NOTE: this is actually O(log i) which is better (at least no worse than) than O(log n). Furthermore, for small i (perhaps i < 100), it would actually be fewer operations to merge the first i elements (linear search instead of bisection) because that is so much simpler. When you add in cache behavior and data locality, the linear search may well be faster for i up to several thousand.
Also, if i > n then rely on the fact that the result has to be toward the end of either list, your initial candidate range in each list is from ((i-n)..n)
Here is how you do it.
Let the first list be ListX and the second list be ListY. We need to find the right combination of ListX[x] and ListY[y] where x + y = i. Since x, y, i are natural numbers we can immediately constrain our problem domain to x*y. And by using the equations max(x) = len(ListX) and max(y) = len(ListY) we now have a subset of x*y elements in the form [x, y] that we need to search.
What you will do is order those elements like so [i - max(y), max(y)], [i - max(y) + 1, max(y) - 1], ... , [max(x), i - max(x)]. You will then bisect this list by choosing the middle [x, y] combination. Since the lists are ordered and distinct you can test ListX[x] < ListY[y]. If true then we bisect the upper half our [x, y] combinations or if false then we bisect the lower half. You will keep bisecting until find the right combination.
There are a lot of details I left, but that is the general gist of it. It is indeed O(log(n))!
Edit: As Ben pointed out this actually O(log(i)).
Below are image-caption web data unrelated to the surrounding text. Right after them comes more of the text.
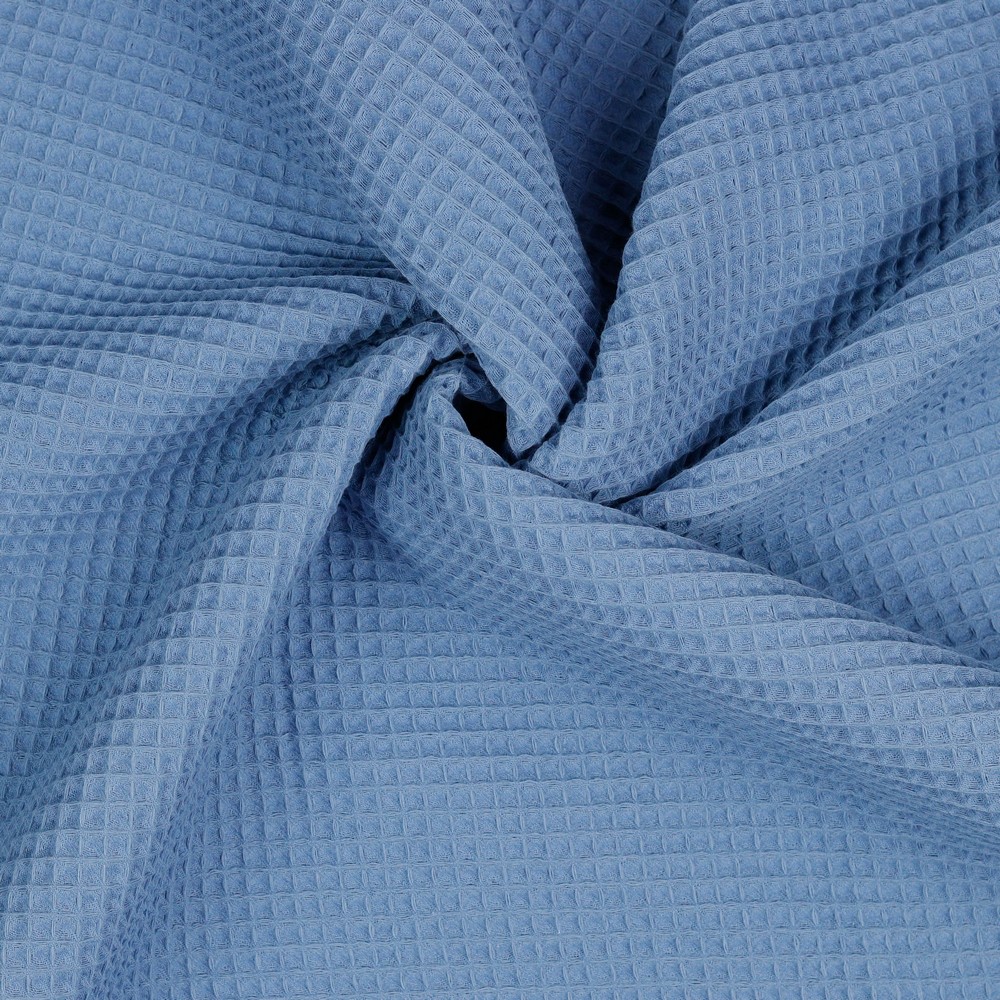 Cotton Honeycomb Waffle Plain Towelling & Dressmaking Fabric in Pale Sapphire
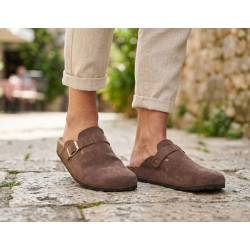 Mules Sabots Homme Confort Été – Chaussures Fermées Ergonomiques en Cuir Synthétique Nubuck – Semelle Antidérapante et Amortissa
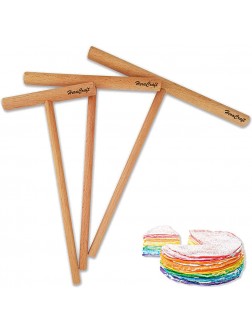 HeraCraft Crepe Spreader Sticks Set 3 Pcs 3.5" 5" 7" inc Crepe Spreaders Stick Kit Convenient Sizes to Fit Any Crepe Pancake Pan Maker | T-Shape Construction All Natural Handmade Beechwood - BV19I09MW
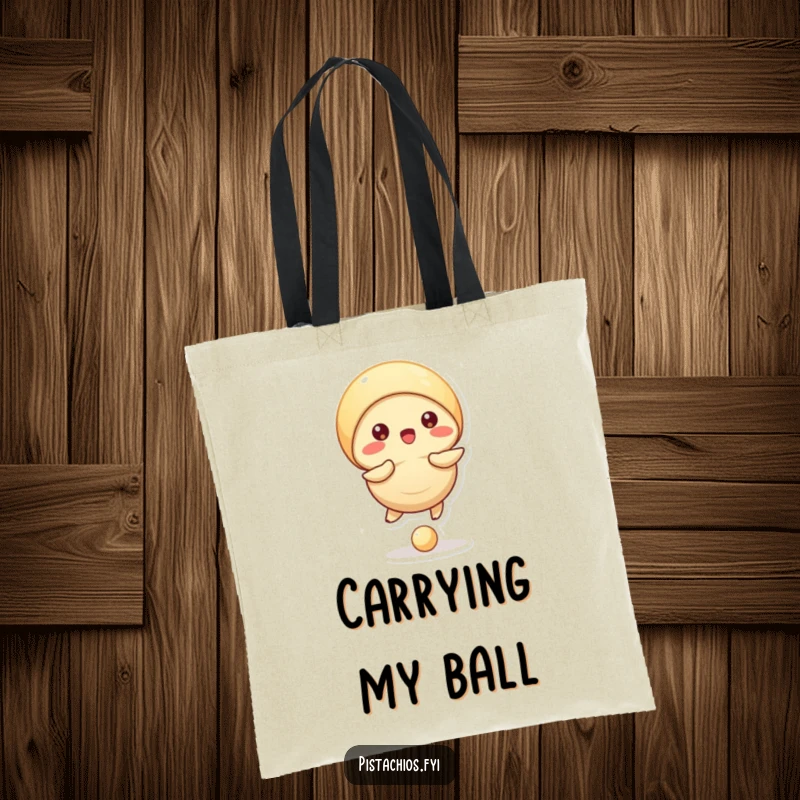 Funny tote bag with a pistachio character skillfully bouncing a tiny ball using its shell, highlighting its athletic prowess.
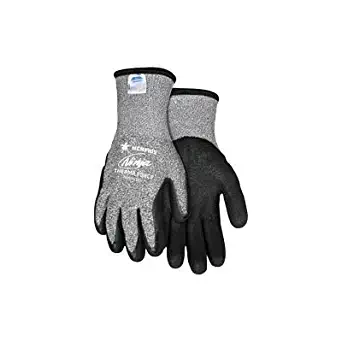 Memphis Glove X-Large Black And Gray Ninja Therma Force 7 Gauge Acrylic Terry Lined Cold Weather Gloves With Knit Wrist, Salt/Pepper 13 Gauge Dyneema And Synthetic Fibers Shell And Bi-Polymer Coated Palm And Fingertips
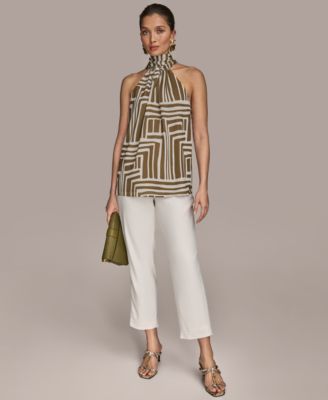 売れ筋商品|||ダナキャランニューヨーク カットソー トップス レディース Petite Scoop-Neck Sleeveless Crochet Top Whiskey Donna Karan New York Women's High-Neck Printed Halter Top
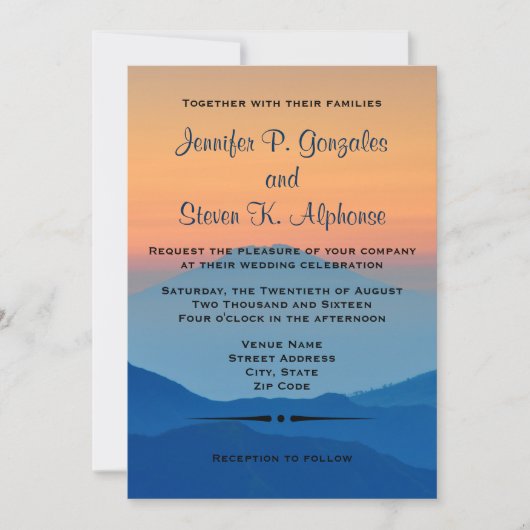 Sonnenuntergang Hochzeit Einladung (Vorderseite)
If we let n = len(ListX) + len(ListY) then we know that i <= n.
When merging two lists, you're going to have to touch every element in both lists. If you don't touch every element, some elements will be left behind. Thus your theoretical lower bound is O(n). So you can't do it that way.
You don't have to sort, since you have two lists that are already sorted, and you can maintain that ordering as part of the merge.
edit: oops, I misread the question. I thought given value, you want to find rank, not the other way around. If you want to find rank given value, then this is how to do it in O(log N):
Yes, you can do this in O(log N), if the list allows O(1) random access (i.e. it's an array and not a linked list).
Binary search on L1
Binary search on L2
Sum the indices
You'd have to work out the math, +1, -1, what to do if element isn't found, etc, but that's the idea.